チポトレは、規制当局に対する報告書で、昨年12月の既存店ベースの売上高が30%急落したことを明らかにした。
同社は、現在、第4四半期の既存店ベース売上高が14.6%減になると予測している。この数字は、8%から11%だった当初の予想を大きく下回る。昨年11月の売上は16%減と、信用回復への取り組みも虚しく、業績悪化を如実に反映する数字となった。
米クレディ・スイス証券のアナリスト、ジェイソン・ウェスト氏は言う。「食中毒事件の発生と、マイナスイメージを増長する報道が売上げにダメージを与えた。これ以上ネガティブなイメージが広がれば、同社にとっては命取りです」
チポトレはまた、昨年8月にカリフォルニア州シミバレーの店舗で発生したノロウィルスによる集団食中毒事件関連の訴訟に対する強制調査で、州連邦起訴陪審の召喚を受けたことについても報告した。同社に対する捜査は、米食品医薬品局(FDA)による捜査と同時進行で進められている。
昨年10月、大腸菌による集団食中毒の発生源として、最初にチポトレのチェーン店が浮上したのは、ワシントン州シアトルとオレゴン州ポートランドだった。この時の菌株を発生源として、全米9州で少なとも53人が発病しており、その後、ボストン・カレッジの学生141人がキャンパス近くのチポトレで食事をした後、ノロウィルスによる食中毒を発症。米保健当局は12月末の時点で新たに発生した大腸菌による食中毒を対象に調査を進めているとした。
チポトレのスティーブ・エリスCEOは、同チェーンを「最も安心して食事が出来るレストラン」に生まれ変わらせると公言し、同社は、昨年10月以来、食の安全性を回復する取り組みを実施してきた。
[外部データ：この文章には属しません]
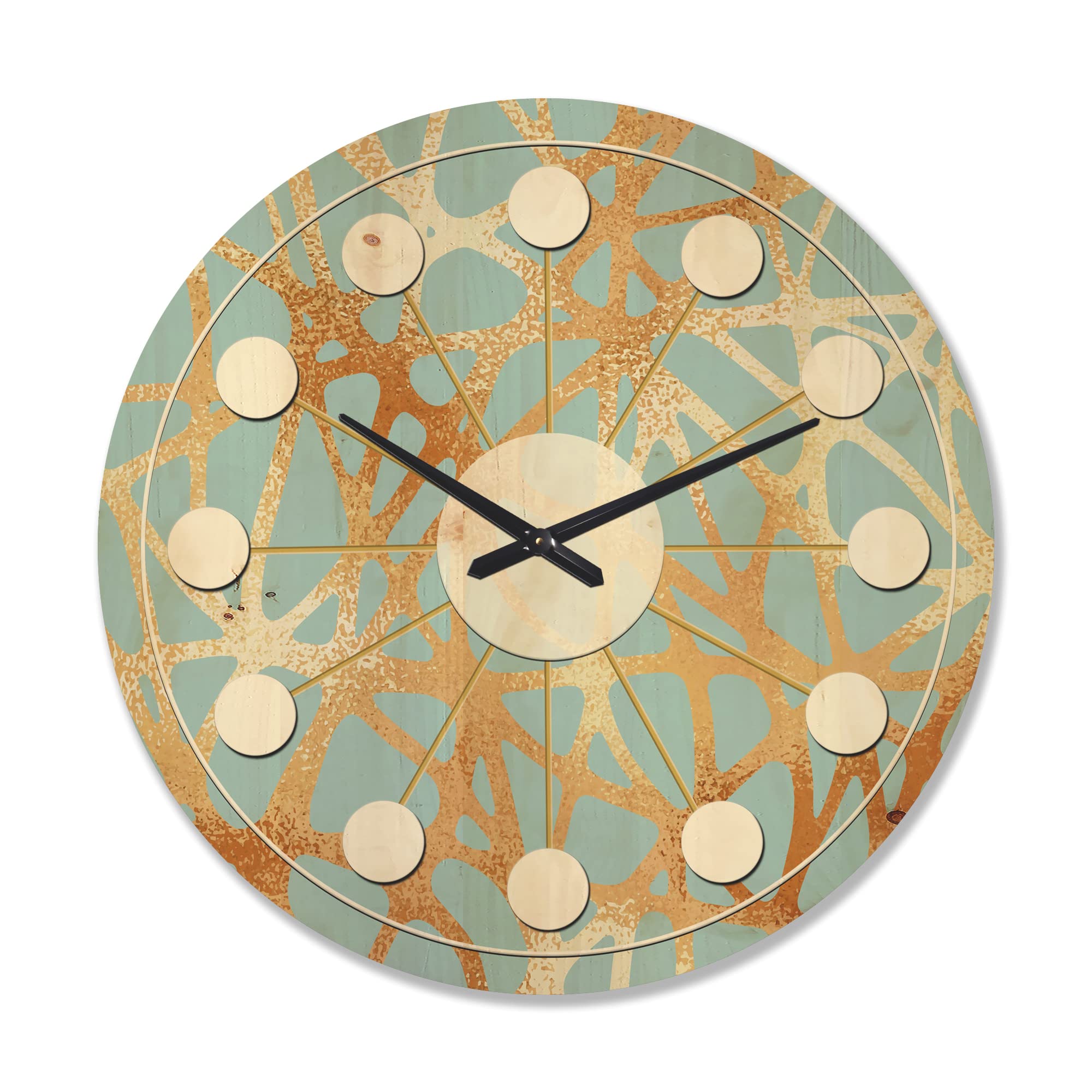 Metallic Golden Luxury Geometric Wall Clock - Large Mid-Century Modern Wooden Clock for Living Room, Bedroom & Office Décor | Stylish Oversized Decorative Wall Art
当然それなりのコストも発生する。同社は、食品サンプルの試験調査、食品安全管理の専門家の雇用、該当店舗の在庫入れ替えなど、第4四半期だけで、1,400万~1,600万ドル(約16億4,000万~約18億8,000万円)が該当費用として発生していると見積もっている。
チポトレは、これらの費用がかさんで収支を圧迫し、第4四半期のEPSは一株当たり1ドル70セント~1ドル90セントと予想している。当初、同社はアナリスト予想だった4ドル9セントを大きく下回る2ドル45セント~2ドル85セントを想定していたが、この度の予想は、この数字をさらに大きく下回ることになる。
集団食中毒事件が問題化して以来、チポトレの株価は40%近く大暴落したが、1月6日の時間前取引では更に3%下げ、1株436ドル9セントとなった。